In covering the story of Iran’s role in Iraq, far too many reporters have passed on blatant propaganda without the slightest effort to point out its inconsistency with documented facts, much less to try to uncover the truth. But a story by Pamela Hess of Associated Press distributed Aug. 15 sets a new standard for abetting official disinformation.

In the story, she acts as an enthusiastic megaphone for a patently phony story from an anonymous “senior intelligence officer.”

Hess’ hit-squad training story should be assigned to journalism classes for the next generation to open a discussion about what went wrong with American journalism before and during America’s overtly imperial war in the Middle East. And Hess should be seen as a stunningly clear illustration of what happens when a reporter gives up any pretense of independence from the national-security state.

Hess’ lede announces what appears to be a significant development in the otherwise waning U.S.-Iran conflict over Iraq. “Iraqi Shi’ite assassination teams are being trained in at least four locations in Iran by Tehran’s elite Quds force and Lebanese Hezbollah,” she writes, “and are planning to return to Iraq in the next few months to kill specific Iraqi officials as well as U.S. and Iraqi troops, according to intelligence gleaned from captured militia fighters and other sources in Iraq.”

But a careful reader quickly learns from perusing the next several paragraphs that this official assertion is actually based on nothing more than speculation. It is just another propaganda blast in the guise of an intelligence briefing.

Hess, writing from Washington, describes her source as “senior U.S. military intelligence officer in Baghdad” who “spoke on condition of anonymity to discuss sensitive intelligence.” That is the first misleading statement in the piece. The story later reveals that the anonymous officer told her quite explicitly that the story was being released for the U.S. command’s own political objectives.

The source apparently remains anonymous for another reason entirely: the U.S. command is not willing to have any individual be held accountable for the new narrative it is attempting to create with the Hess story.

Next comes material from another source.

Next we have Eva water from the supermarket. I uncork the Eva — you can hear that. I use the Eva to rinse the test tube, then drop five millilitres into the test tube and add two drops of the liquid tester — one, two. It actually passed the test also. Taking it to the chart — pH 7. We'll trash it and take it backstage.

The story then says the anonymous officer had “provided Iraq’s national security adviser with several lists of the assassination teams’ expected targets” and that the officer “said the targets include many judges but would not otherwise identify them.”

But wait a minute. Just what are these “lists of the assassination teams’ expected targets”? If they are me merely lists of “expected targets,” then the U.S. intelligence has not intercepted communications or otherwise tapped into what some Shi’ites now in Iran are planning to do. They are simply inventions of unidentified U.S. officials whose understanding of Shi’ite intentions may have little or nothing to do with reality.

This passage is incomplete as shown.